BEGIN

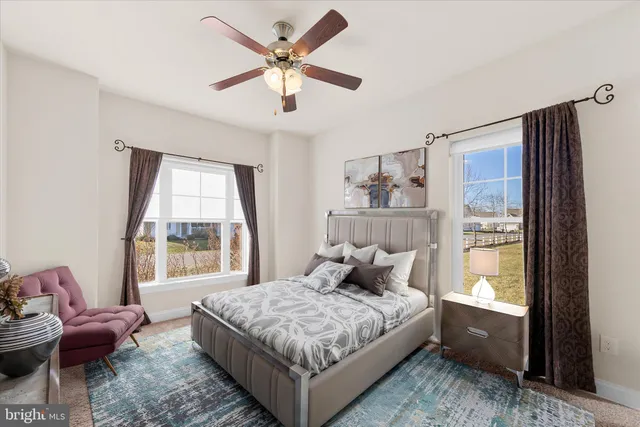 a bedroom with a large bed and a window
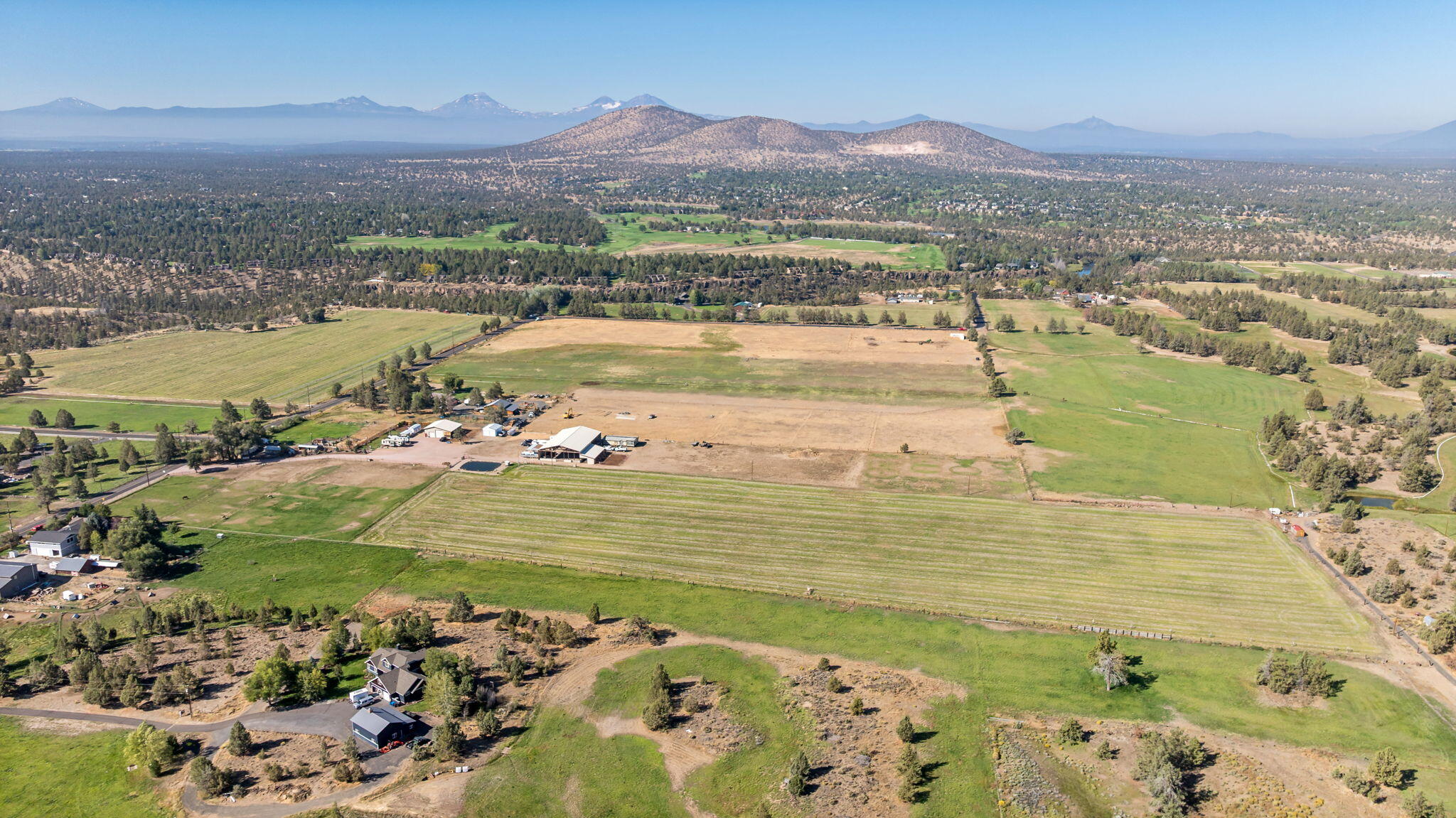 Experience 20 prime Central Oregon acres near the Deschutes River and Cline Falls State Park. With irrigation rights and panoramic mountain views, this property sets the stage for your dream home. Meticulously maintained, it's fully outfitted for horses and livestock, featuring fencing and cross-fencing throughout, along with thirteen acres of hay production. Equestrians will appreciate the impressive 8,400 SF covered riding arena, complete with 5 stalls. The grounds also include hay storage, a 48' x 48' pole-building shop equipped with water and 220 power, and a lean-to offering four additional stalls. Practical amenities abound—RV parking and storage, a well with a recently updated pump house, and a pond upgraded with all new equipment. Every detail has been thoughtfully taken care of, making this the perfect canvas for building the home you've envisioned.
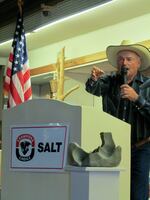 Mib Dailey, a rancher in Baker County, has served as the auctioneer for the Great Salt Lick auction and contest in Baker City since its launch in 2006. In this undated provided photo, he auctions off a salt lick at the Crossroads Carnegie Art Center in Baker City where the event was formerly held.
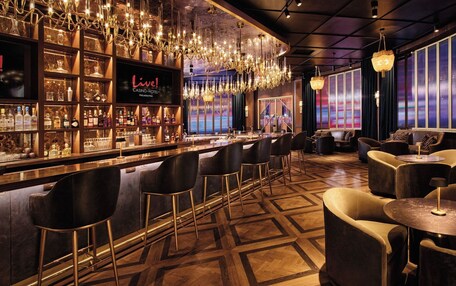 A bar area with a 'Live!' sign, a variety of liquor bottles, and a modern chandelier.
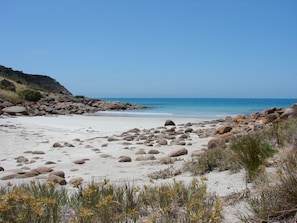 A beach with large rocks and sparse vegetation. - Sea Dragon Kangaroo Island (Willoughby)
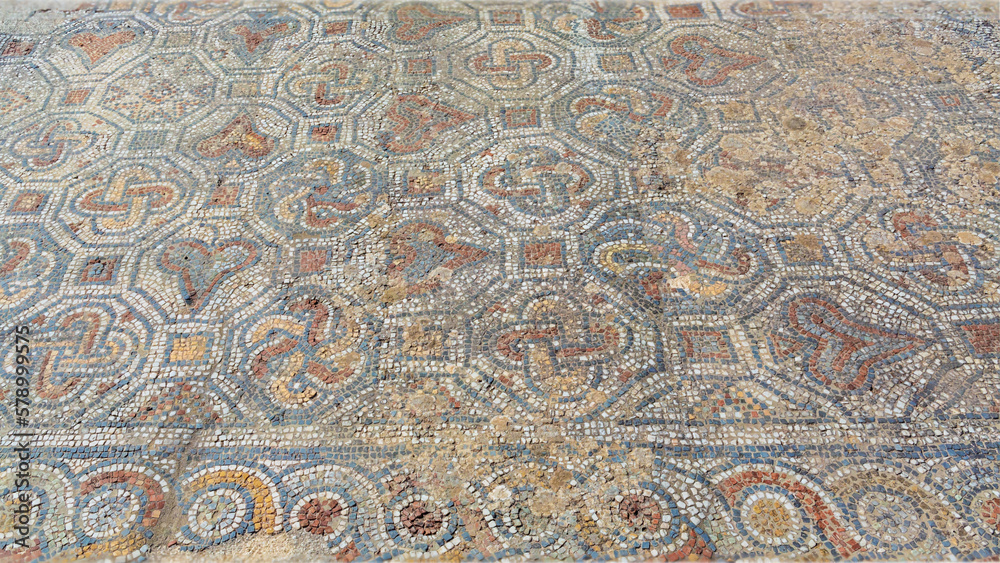 Archaeological remains with decorative tile floors and frescoes paintings in a hillside house on the slopes of the ancient city ruins of Ephesus, Turkey near Selcuk.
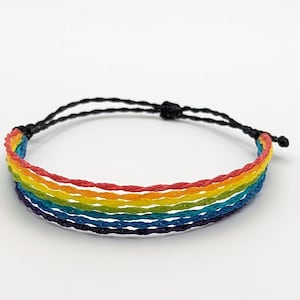 May include: A rainbow colored friendship bracelet with a black adjustable cord.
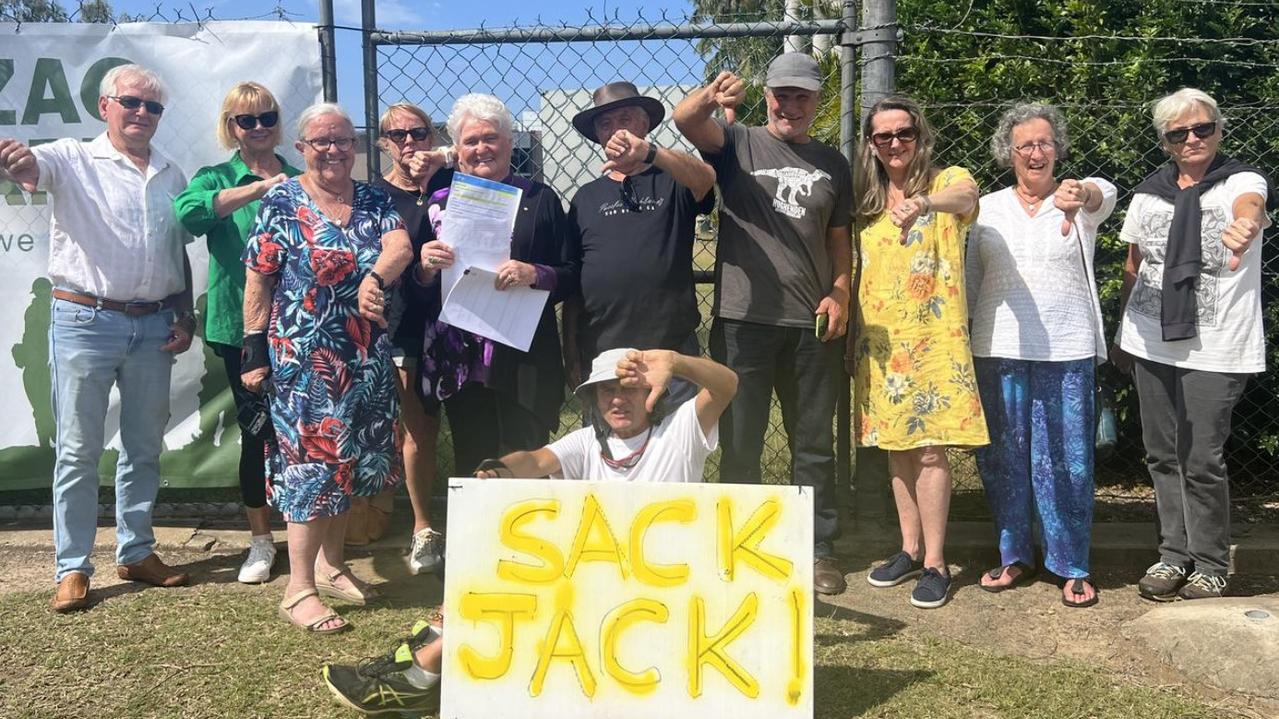 Local residents brandished signs calling for Mr Dempsey's sacking at protests outside the historic Anzac Pool pool as demolition started for the Bundaberg Aquatic Centre project in September 2022.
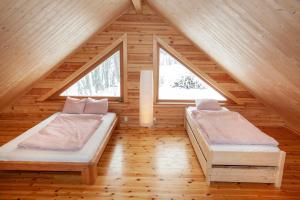 two beds in a wooden room with two windows at Blockhaus am See - Komfort umgeben von Natur! in Nälden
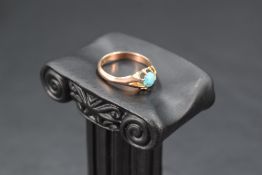A 9ct rose gold signet ring having turquoise cabochon in a gypsy mount, size Q & approx 3g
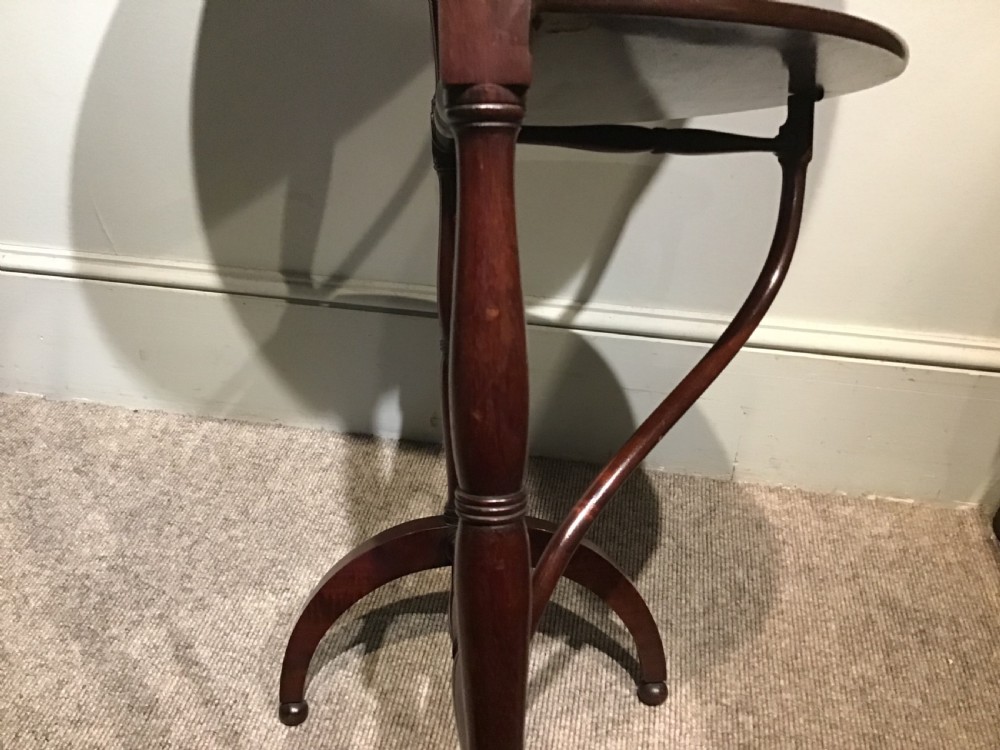 An antique dark mahogany folding occasional table featuring a round top, lower semi-circular shelf, turned uprights, and curved feet. View VI
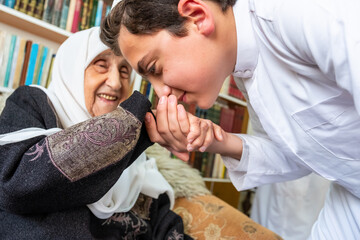 Arabic muslim son kissing his grandmother hand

END

Return every record exactly. Pictures stay out.

 a bedroom with a large bed and a window
 Experience 20 prime Central Oregon acres near the Deschutes River and Cline Falls State Park. With irrigation rights and panoramic mountain views, this property sets the stage for your dream home. Meticulously maintained, it's fully outfitted for horses and livestock, featuring fencing and cross-fencing throughout, along with thirteen acres of hay production. Equestrians will appreciate the impressive 8,400 SF covered riding arena, complete with 5 stalls. The grounds also include hay storage, a 48' x 48' pole-building shop equipped with water and 220 power, and a lean-to offering four additional stalls. Practical amenities abound—RV parking and storage, a well with a recently updated pump house, and a pond upgraded with all new equipment. Every detail has been thoughtfully taken care of, making this the perfect canvas for building the home you've envisioned.
 Mib Dailey, a rancher in Baker County, has served as the auctioneer for the Great Salt Lick auction and contest in Baker City since its launch in 2006. In this undated provided photo, he auctions off a salt lick at the Crossroads Carnegie Art Center in Baker City where the event was formerly held.
 A bar area with a 'Live!' sign, a variety of liquor bottles, and a modern chandelier.
 A beach with large rocks and sparse vegetation. - Sea Dragon Kangaroo Island (Willoughby)
 Archaeological remains with decorative tile floors and frescoes paintings in a hillside house on the slopes of the ancient city ruins of Ephesus, Turkey near Selcuk.
 May include: A rainbow colored friendship bracelet with a black adjustable cord.
 Local residents brandished signs calling for Mr Dempsey's sacking at protests outside the historic Anzac Pool pool as demolition started for the Bundaberg Aquatic Centre project in September 2022.
 two beds in a wooden room with two windows at Blockhaus am See - Komfort umgeben von Natur! in Nälden
A 9ct rose gold signet ring having turquoise cabochon in a gypsy mount, size Q & approx 3g
 An antique dark mahogany folding occasional table featuring a round top, lower semi-circular shelf, turned uprights, and curved feet. View VI
 Arabic muslim son kissing his grandmother hand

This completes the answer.